Thursday, May 6, 2010
Take it Upstairs
One happy reunion that was the result of leaving behind the Wiccan path is that I got God back. No, not the sociopathic guy with the white beard who judges us and smites whomever He wants. Not the guy who makes promises or tells people they are "chosen." I never believed in that god. I'm talking about the great divine realm, beyond the beyond. God, according to the cosmology of Reya (and many many great thinkers throughout history) is formless, unnameable, unknowable by the mind, impossible to describe or explain, except for brief moments in the heart.
In Reclaiming we had the Goddess. What that means depends on who you talk to. Reclaiming was an anarchistic tradition so there tended to be many different opinions, but I think it's safe to say that many of us believed the Goddess is literally the earth, a living being from whom we are born and to whom we shall return once this earthly dance of life is over and done with. True, dat. I began then and continue now to worship the incomparably beautiful, luscious Mama Gaia. Wow. I also resonate with the way my shamanic godfather, Ghenghis Khan saw the divine cosmos: he worshipped the Eternal Blue Sky as father, and Earth as mother. Nice, eh?
In Reclaiming we worshipped not only the Earth and the Moon (all wiccans worship the Moon), but also many different pantheons of deities. We were a wide-open, inclusive tradition so those of us following that path were free to pick and choose our favorite deities from all the mythological traditions we knew about. I loved (still do) Bridgid, goddess of poetry, smithcraft and healing. In fact I dedicated myself to this goddess and still abide by that heart-felt commitment.
And yes, there are gods who are a part of the pantheons, a number of whom are my dear brothers. But God, the name I place lightly on the idea of the great overarching formlessness and wisdom, was not generally included in the Reclaiming model of the cosmos. I'm sure there were some who included God, but divine formlessness was SO not our focus.
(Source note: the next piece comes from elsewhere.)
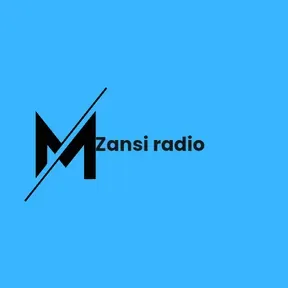 Mzansi radio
When I'm confused, stuck, sad, grasping at straws or caught in one of my many emotional vortices, like I was yesterday and the day before, if I can remember to open to that thing that makes everything else more than a sum of its parts, (another way I sometimes think of God) there is always richness and wisdom available. Indeed I wandered the streets doing my shamanic thing, and I dreamed hard, but eventually I remembered to take it upstairs, to open to the divine formlessness. As always, all I can say is: wow.
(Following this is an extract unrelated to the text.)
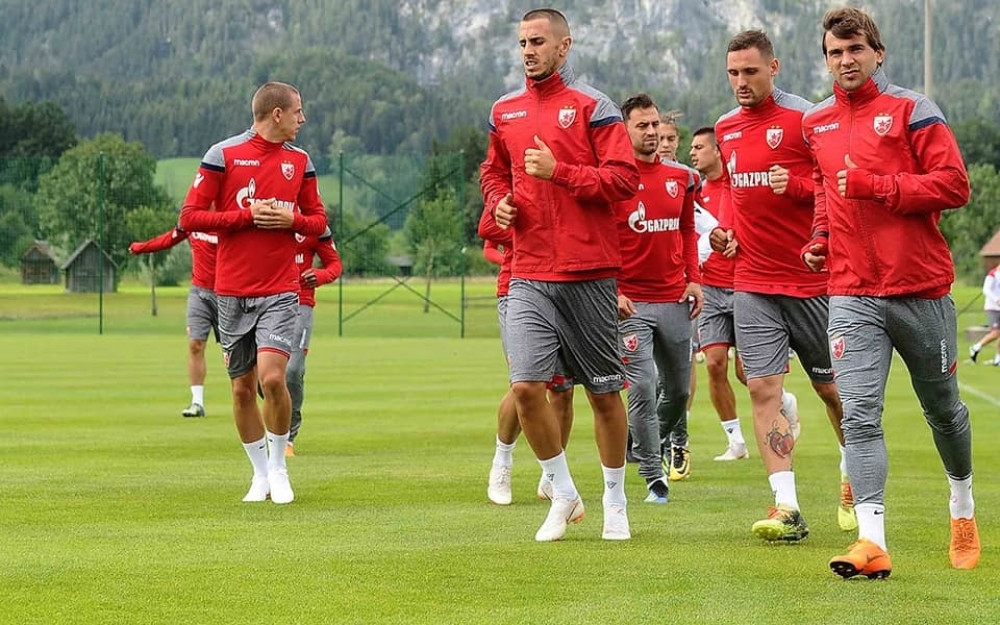 Crveno-beli prodali prvog napadača, EVO kome i za koliko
I know you are formless and have nothing like a personality, God. And either you have no name or every name ever spoken, but please allow me to address you intimately, as if you had form and personna, OK? I want to say thank you for your and wisdom and multiversal love. Seriously, thanks.
To live is to fly
Low and high,
So shake the dust off of your wings
And the sleep out of your eyes
So shake the dust off of your wings
And the tears out of your eyes
Townes Van Zandt
Capitol Hill landscape reflected in high contrast from the side of one of those ubiquitous white vans.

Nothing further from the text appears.